The information available today, between books, the Internet and more, amounts to approximately 1,200 exabytes – that’s 1,200 billion gigabytes – of data. If all of that were stored on CDs, the discs would form five stacks, each tall enough to reach the moon.
Big data – sets of information that are too large to process using traditional computing methods – offers new opportunities for researchers, equipping them with new insights and processes to tackle new challenges.
To discover new applications for these massive data sets, nearly 200 researchers, graduate students and staff from a variety of fields joined forces last week for a one-day workshop called ‘Tools to Tackle Big Data’.

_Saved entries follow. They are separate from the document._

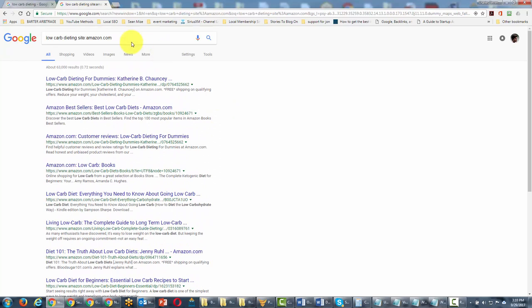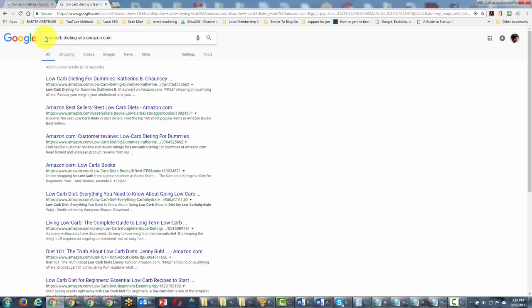So what you're telling Google basically is, go to the site that I specify and then find my search terms. It's a handy way of being able to locate items or terms within a specific site.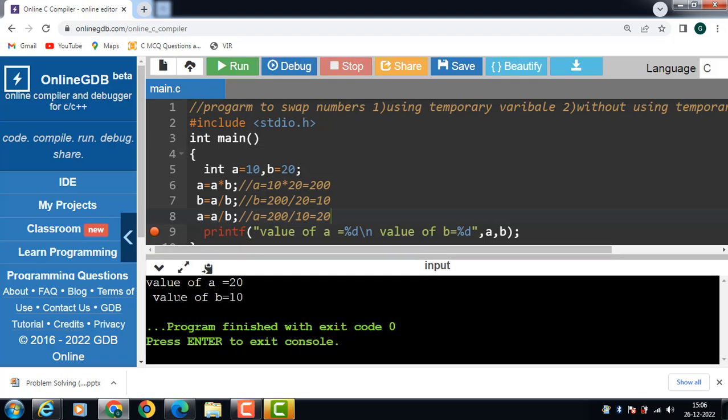Now after the execution of this code value of a is 20 and value of b is 10. There is one important note: we can use multiplication and division instead of addition and subtraction. However, this would not work if one of the numbers is 0.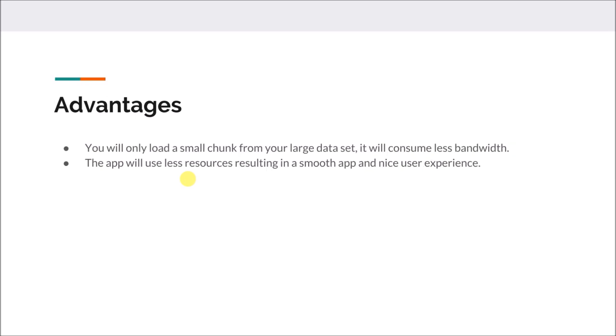This method has many advantages. Fetching all the data at once consumes much resources and bandwidth. If we are fetching all the data at once, our application will lag or hack. Displaying only a small chunk from a larger set will consume less bandwidth and make our application smoother, resulting in a great user experience.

“As academics, we are often called upon to help develop solutions for many societal and environmental problems that the world faces today,” said Professor Farid Najm, ECE chair, “what some have called the ‘grand challenges’ in such areas as health, economic development, sustainability and the environment.

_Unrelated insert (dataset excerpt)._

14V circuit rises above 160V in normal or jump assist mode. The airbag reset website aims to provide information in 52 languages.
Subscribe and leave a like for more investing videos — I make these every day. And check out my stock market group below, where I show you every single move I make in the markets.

“These problems often require more than just ‘point solutions’ to specific technical problems, but a synthesis of a variety of solutions and approaches from across the many disciplines of engineering and science.”

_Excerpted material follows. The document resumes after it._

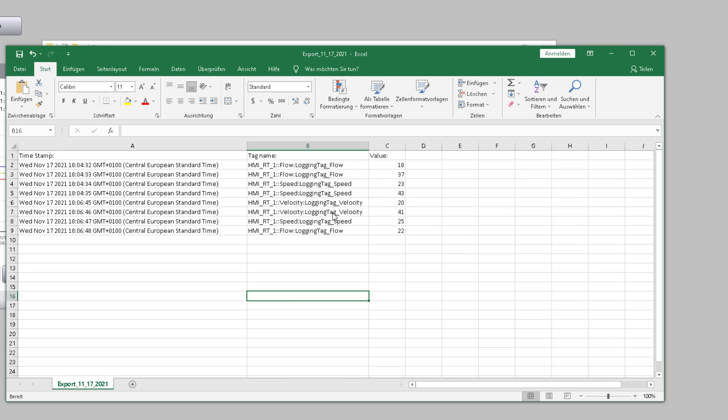I hope it helps you to export multiple tags. See you.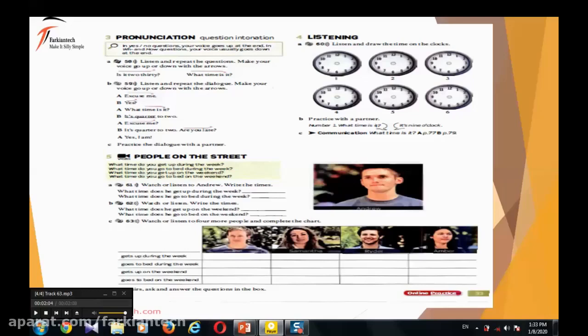Amber — she gets up at 8 a.m. and she goes to bed at 11 p.m. during the week. She gets up at 10 a.m. on the weekend. And she goes to bed at 1 or 2 a.m. on the weekend.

Speakers from across the Faculty, as well as industry partners from IBM, highlighted many parallel initiatives employing big data and their inherent challenges. The datacentres we rely on to store and process this deluge of data, for example, are physically huge, inefficient and energy-expensive.
“I have been working on this for a long time,” said Professor Cristiana Amza (ECE), who pointed out the growing gap between the rate at which technology is improving and the ratewe’re collecting data. “The success stories have been scarce.”
ECE’s Professor Brendan Frey opened his talk by asking the audience to consider why each was there—what they wanted out of the day, and what they knew or wondered about big data. Responses ranged from “What is it?” to concerns over privacy and security.
“One of the big problems with big data is that, if you’re not careful, you’re going to generate a lot of stuff that nobody cares about,” said Professor Frey. His talk focused on the data science he and his group use to decipher parts crucial in regulating the three-billion letter-code human genome.
Graduate students presented posters over coffee and lunch breaks, while attendees networked. Professor Tony Chan Carusone, ECE’s associate chair of research, connected engineers and computer scientists with those who could benefit from employing data tools to solve problems in their fields.